Et c’est peut-être cette question fédérale qui cristalliserait les oppositions, notamment du côté néerlandais. Le journaliste Jean Quatremer rappelait sur l’antenne de France Info que ce qui se jouait durant ce weekend n’était pas seulement de l’argent, mais un changement de nature durable de l’Union européenne, un saut fédéral grâce à cette union de transferts budgétaires et cette mutualisation des dettes.

Toutefois, la gravité de la situation économique et sanitaire, ainsi que les multiples errements auxquels l’UE nous a, hélas, habitués, devraient faire comprendre à nos amis néerlandais, autrichiens, danois, suédois et finlandais que la postérité ne retiendra que l’obstruction mortifère et leur manque criant de solidarité de leurs gouvernements.

La solidarité ne va décidément pas de soi

Cette crise sans précédent est donc une épreuve pour la « solidarité européenne » : existe-t-elle vraiment, et si oui, dans quelle mesure ? « Nous sommes à l’heure de vérité », a prévenu Emmanuel Macron au cours de ce Conseil européen. Quelques semaines plus tôt, Angela Merkel et lui étaient à l’initiative d’une relance commune européenne. La reprise de ce projet par la Commission européenne ou l’accord trouvé par l’Eurogroupe semblaient indiquer qu’une entente au niveau de l’Union était possible.

Las, les dissensions entre gouvernants et la résistance opposée est venue remettre en question cette « solidarité ». L’idée de « coronabonds » n’a pas abouti, et comme après la crise de la dette grecque, en 2011, l’unité supposée entre les Etats s’est fissurée, alertant jusqu’aux figures tutélaires de la construction européenne.
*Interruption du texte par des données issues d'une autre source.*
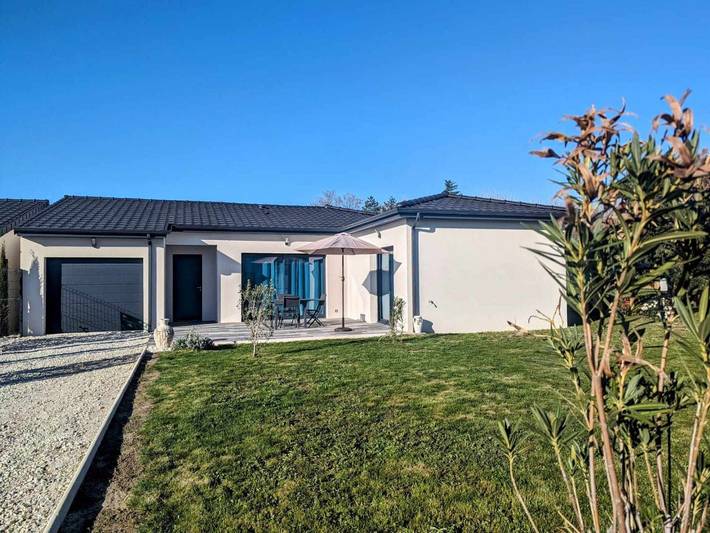 Gîte pour 6 personnes, avec terrasse et jacuzzi ainsi que jardin et piscine à La Bégude-de-Mazenc - 4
L’ancien président de la Commission européenne, Jacques Delors, a pris la plume le 28 mars pour alerter contre le manque de solidarité, qui fait « courir un danger mortel à l’Union européenne ». Le 16 juillet, Christine Lagarde, la présidente de la BCE, a souligné qu’« un très grand nombre de dirigeants sont conscients du fait qu’il n’y a pas de temps à perdre ». Malheureusement, tous ne vont toujours pas dans la même direction dans l’Union européenne.

Cet imbroglio général pourrait avoir des conséquences fortement regrettables. Ce Conseil européen revêtait une importance majeure, l’Union européenne pouvant enfin accélérer sur certaines questions et notamment s’engager dans une voie plus fédéraliste. Les leaders se retrouvent aujourd’hui à 16h pour tenter de régler définitivement cette question, mais les blessures subies par l’idéal européen de solidarité et de prospérité commune risquent d’être profondes et durables. Incontestablement, du temps perdu et une image collective à nouveau ternie par cette attitude réfractaire de ses soi-disant « frugaux ».